(Extracted data)
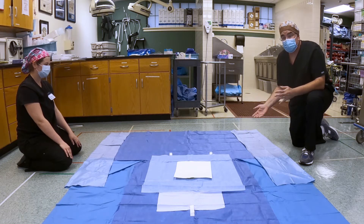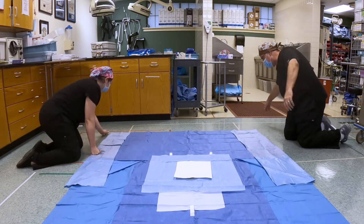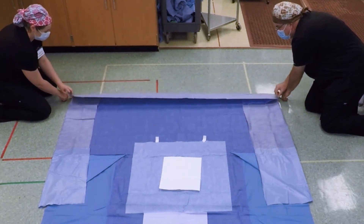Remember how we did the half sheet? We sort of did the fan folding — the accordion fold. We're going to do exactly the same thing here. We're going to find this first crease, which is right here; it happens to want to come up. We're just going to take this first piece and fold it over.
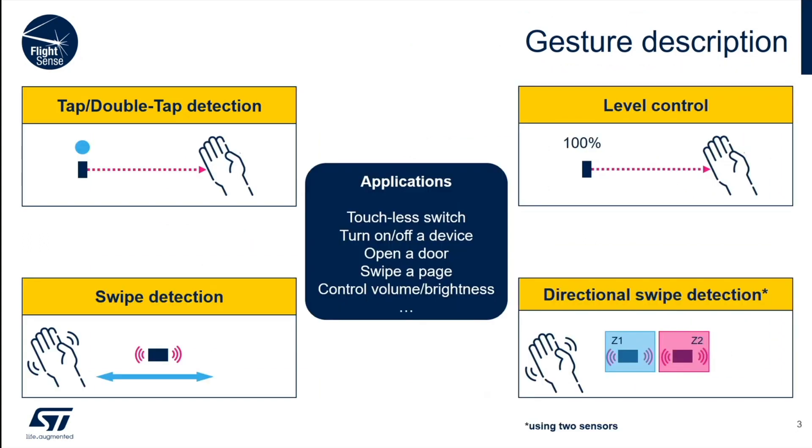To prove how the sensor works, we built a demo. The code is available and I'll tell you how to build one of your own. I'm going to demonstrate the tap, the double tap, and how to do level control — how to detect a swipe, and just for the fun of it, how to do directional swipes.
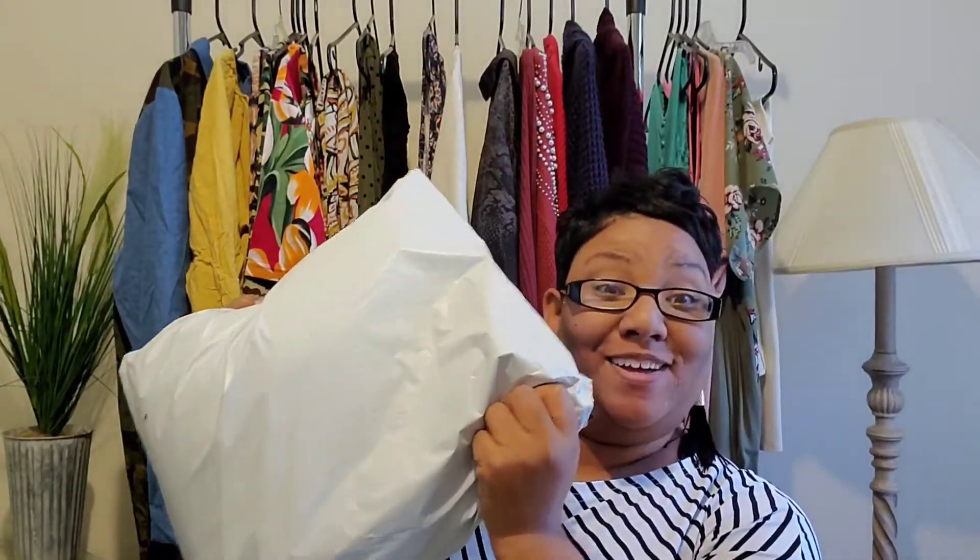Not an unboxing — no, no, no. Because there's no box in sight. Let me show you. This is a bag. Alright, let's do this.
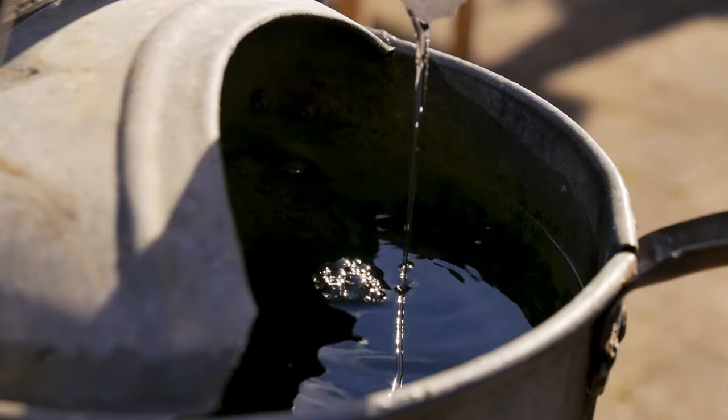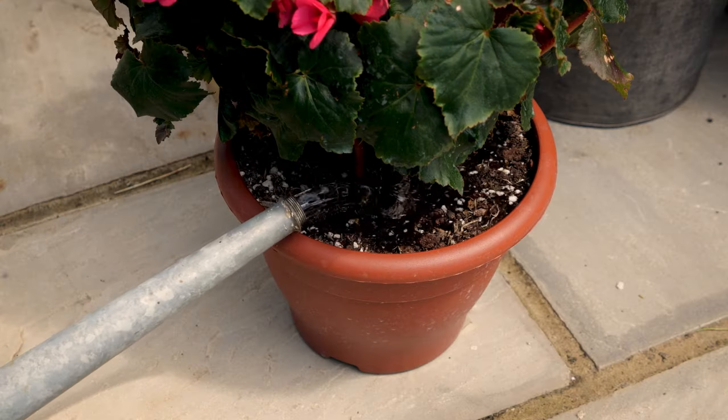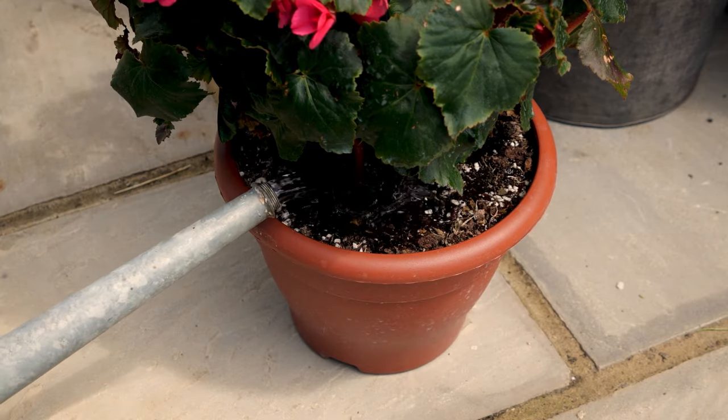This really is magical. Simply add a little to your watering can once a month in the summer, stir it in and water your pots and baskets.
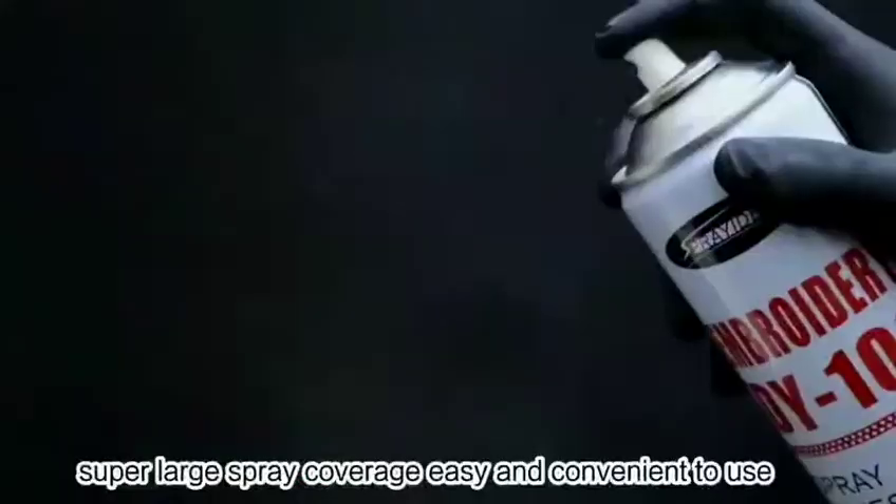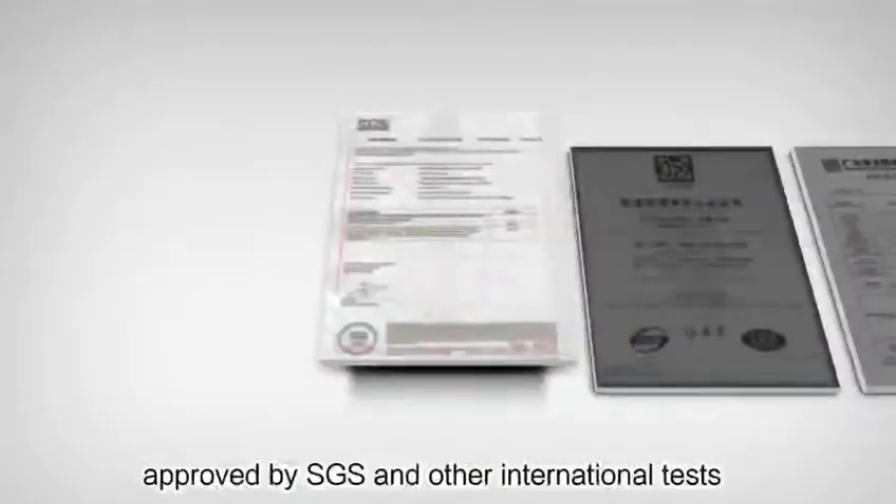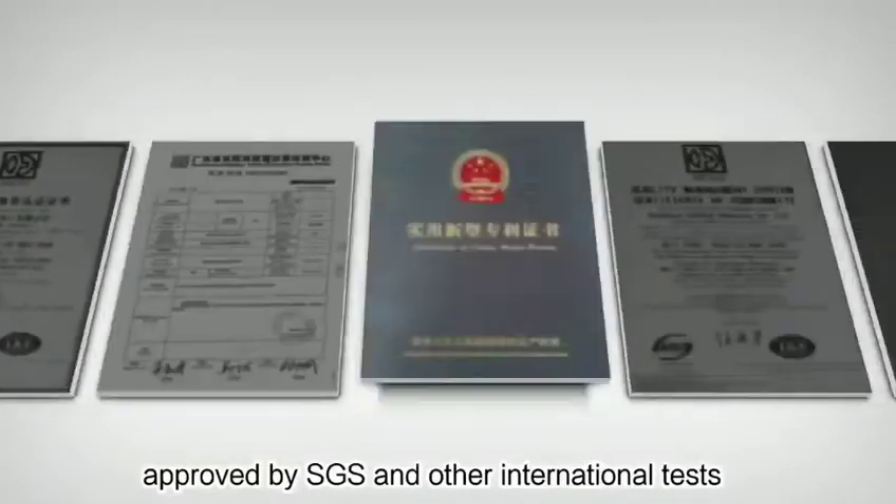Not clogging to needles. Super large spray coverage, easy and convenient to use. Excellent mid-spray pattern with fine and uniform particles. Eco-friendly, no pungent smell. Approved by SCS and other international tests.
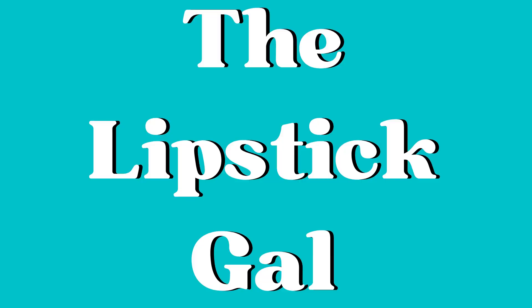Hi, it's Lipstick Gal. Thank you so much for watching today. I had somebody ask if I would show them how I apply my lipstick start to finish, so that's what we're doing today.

(Exercise aim)
Print, exactly and with no pictures, the lines of the listing above starting at the one that has "To prove how" and ending at the one that has "This really is", both included.

(Expected answer)
To prove how the sensor works, we built a demo. The code is available and I'll tell you how to build one of your own. I'm going to demonstrate the tap, the double tap, and how to do level control — how to detect a swipe, and just for the fun of it, how to do directional swipes.
Not an unboxing — no, no, no. Because there's no box in sight. Let me show you. This is a bag. Alright, let's do this.
This really is magical. Simply add a little to your watering can once a month in the summer, stir it in and water your pots and baskets.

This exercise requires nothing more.